(Supplied data):
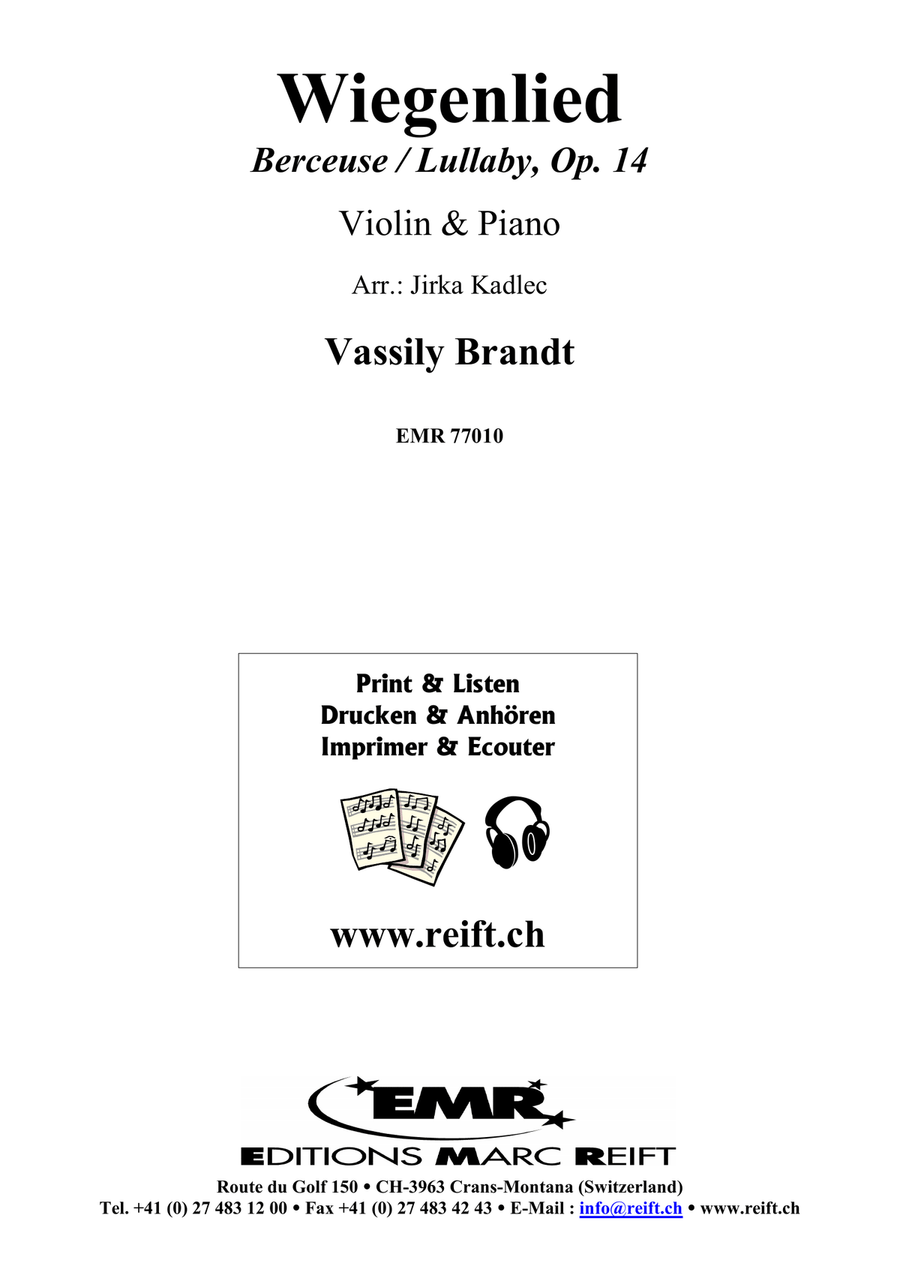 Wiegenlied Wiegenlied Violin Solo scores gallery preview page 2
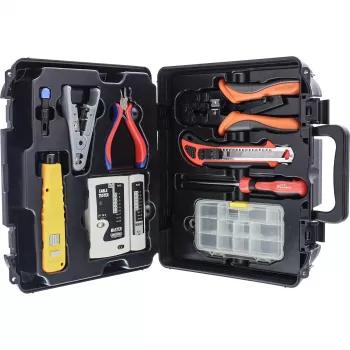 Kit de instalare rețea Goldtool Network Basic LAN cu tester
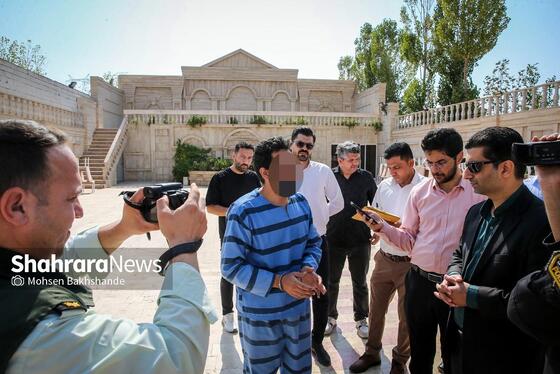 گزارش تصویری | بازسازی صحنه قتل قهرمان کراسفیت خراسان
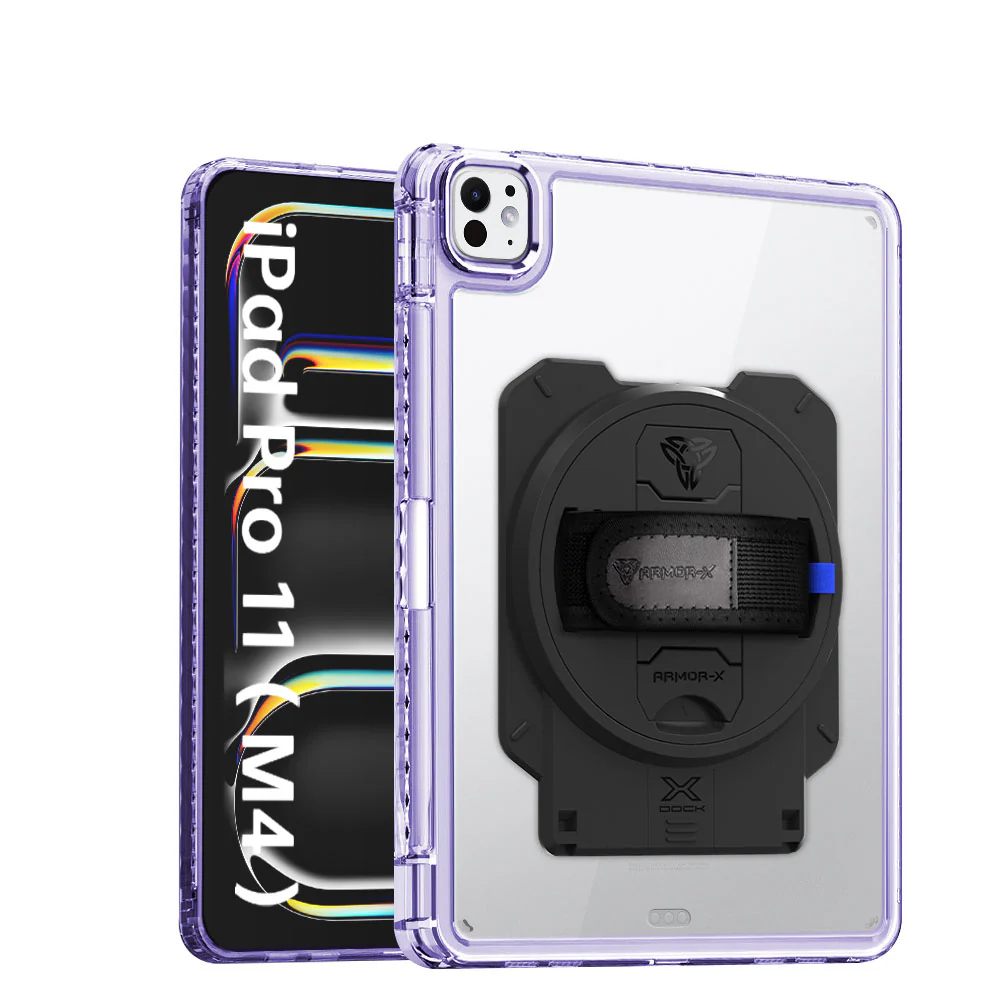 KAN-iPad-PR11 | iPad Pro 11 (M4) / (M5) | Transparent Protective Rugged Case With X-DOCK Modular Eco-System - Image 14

...

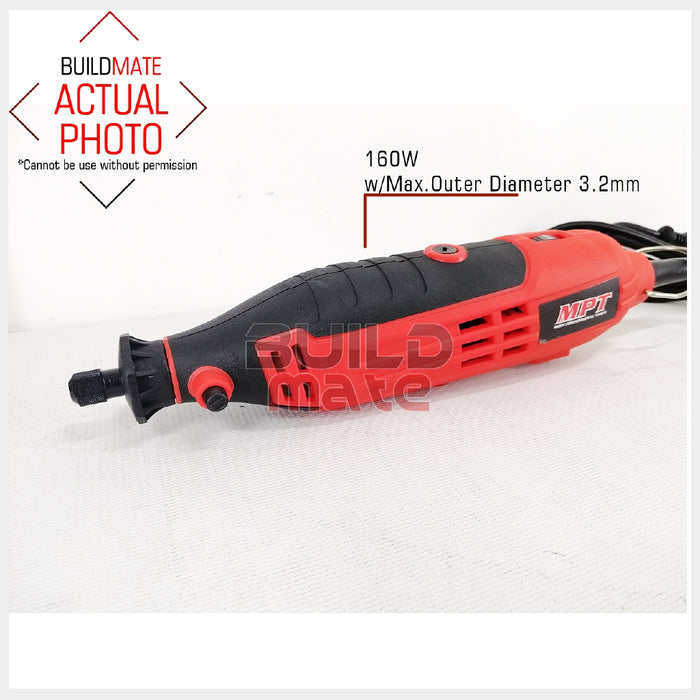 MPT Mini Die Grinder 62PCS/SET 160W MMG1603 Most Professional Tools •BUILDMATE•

---

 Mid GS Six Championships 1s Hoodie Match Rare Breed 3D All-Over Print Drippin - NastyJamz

(Problem to work on):
In the listing above, find the line holding "Kit de instalare" and the line holding "KAN-iPad-PR11 | iPad". Reproduce those two lines and all between them exactly, leaving out pictures.

(Solution to this problem):
 Kit de instalare rețea Goldtool Network Basic LAN cu tester
 گزارش تصویری | بازسازی صحنه قتل قهرمان کراسفیت خراسان
 KAN-iPad-PR11 | iPad Pro 11 (M4) / (M5) | Transparent Protective Rugged Case With X-DOCK Modular Eco-System - Image 14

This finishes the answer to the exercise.